In a follow-up to a report in February about the increase of norovirus seen in Taiwan, the Taiwan Centers for Disease Control (Taiwan CDC) invited relevant government agencies, including the Ministry of Education (MOE), the Tourism Bureau and the Food and Drug Administration (TFDA), to convene the “Cross-Ministry Meeting on Viral Gastroenteritis Cluster Response Plan” to prevent further spread of the disease, as well as ensure food safety for the citizens and high-quality travel for both domestic and international visitors on March 17, 2015.
The two main topics for discussion in this meeting included sanitation and hygiene management in the tourism industry and the control and prevention of viral gastroenteritis in campus settings.
According to the epidemiological investigation, the recently reported 5 diarrhea clusters in Taiwan have been confirmed to be caused by norovirus, which shows that there is still room for improvement in terms of sanitation and hygiene management in hotels and restaurants.
Norovirus is a highly contagious viral illness that often goes by other names, such as viral gastroenteritis, stomach flu, and food poisoning.

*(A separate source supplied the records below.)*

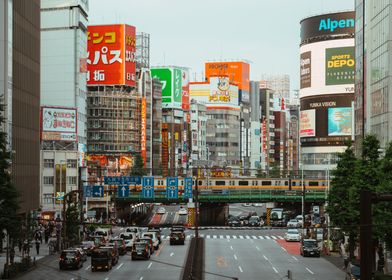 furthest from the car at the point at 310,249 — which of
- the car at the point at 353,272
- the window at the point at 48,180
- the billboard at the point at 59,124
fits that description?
the window at the point at 48,180

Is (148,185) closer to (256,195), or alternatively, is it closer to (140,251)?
(140,251)

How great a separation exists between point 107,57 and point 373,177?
133352 millimetres

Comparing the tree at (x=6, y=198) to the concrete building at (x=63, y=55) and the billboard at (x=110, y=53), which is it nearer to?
the concrete building at (x=63, y=55)

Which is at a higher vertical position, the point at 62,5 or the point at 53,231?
the point at 62,5

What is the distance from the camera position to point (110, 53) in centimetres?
18600

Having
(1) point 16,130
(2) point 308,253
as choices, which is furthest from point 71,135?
(2) point 308,253

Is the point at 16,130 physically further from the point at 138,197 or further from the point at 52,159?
the point at 138,197

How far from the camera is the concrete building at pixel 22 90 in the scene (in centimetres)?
7594

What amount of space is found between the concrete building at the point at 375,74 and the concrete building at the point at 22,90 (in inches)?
1281

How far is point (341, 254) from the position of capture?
79.4 meters

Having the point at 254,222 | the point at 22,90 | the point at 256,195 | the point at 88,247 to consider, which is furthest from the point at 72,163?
the point at 88,247

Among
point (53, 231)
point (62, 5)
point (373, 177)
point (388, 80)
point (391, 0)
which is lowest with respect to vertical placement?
point (53, 231)

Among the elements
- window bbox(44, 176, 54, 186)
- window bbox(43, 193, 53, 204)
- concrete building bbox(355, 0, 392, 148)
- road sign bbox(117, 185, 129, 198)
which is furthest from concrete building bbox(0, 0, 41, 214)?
window bbox(44, 176, 54, 186)

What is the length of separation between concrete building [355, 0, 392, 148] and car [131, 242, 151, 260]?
73.4ft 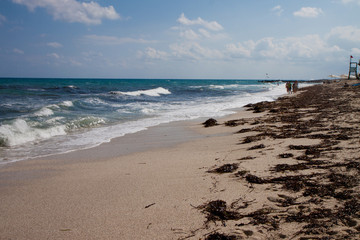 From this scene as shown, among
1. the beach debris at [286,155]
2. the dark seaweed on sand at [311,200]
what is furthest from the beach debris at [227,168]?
the beach debris at [286,155]

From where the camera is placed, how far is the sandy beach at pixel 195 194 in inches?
93.8

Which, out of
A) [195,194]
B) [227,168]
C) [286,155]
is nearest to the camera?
[195,194]

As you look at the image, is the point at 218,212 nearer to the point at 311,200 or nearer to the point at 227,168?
the point at 311,200

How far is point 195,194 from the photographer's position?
3.19 metres

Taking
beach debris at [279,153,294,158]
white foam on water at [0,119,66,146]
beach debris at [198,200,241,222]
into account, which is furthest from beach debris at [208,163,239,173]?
white foam on water at [0,119,66,146]

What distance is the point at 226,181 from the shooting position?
3.56 m

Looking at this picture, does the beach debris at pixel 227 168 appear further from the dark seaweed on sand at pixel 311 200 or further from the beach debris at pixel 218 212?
the beach debris at pixel 218 212

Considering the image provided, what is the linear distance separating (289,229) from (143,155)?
3.96 metres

The symptoms include nausea, vomiting, diarrhea, and some stomach cramping. Sometimes people additionally have a low-grade fever, chills, headache, muscle aches, and a general sense of tiredness. The illness often begins suddenly, and the infected person may feel very sick. In most people, the illness is self-limiting with symptoms lasting for about 1 or 2 days. In general, children experience more vomiting than adults do.
Norovirus is spread person to person particularly in crowded, closed places. Norovirus is typically spread through contaminated food and water, touching surfaces or objects contaminated with norovirus and then putting your hand or fingers in your mouth and close contact with someone who is vomiting or has diarrhea.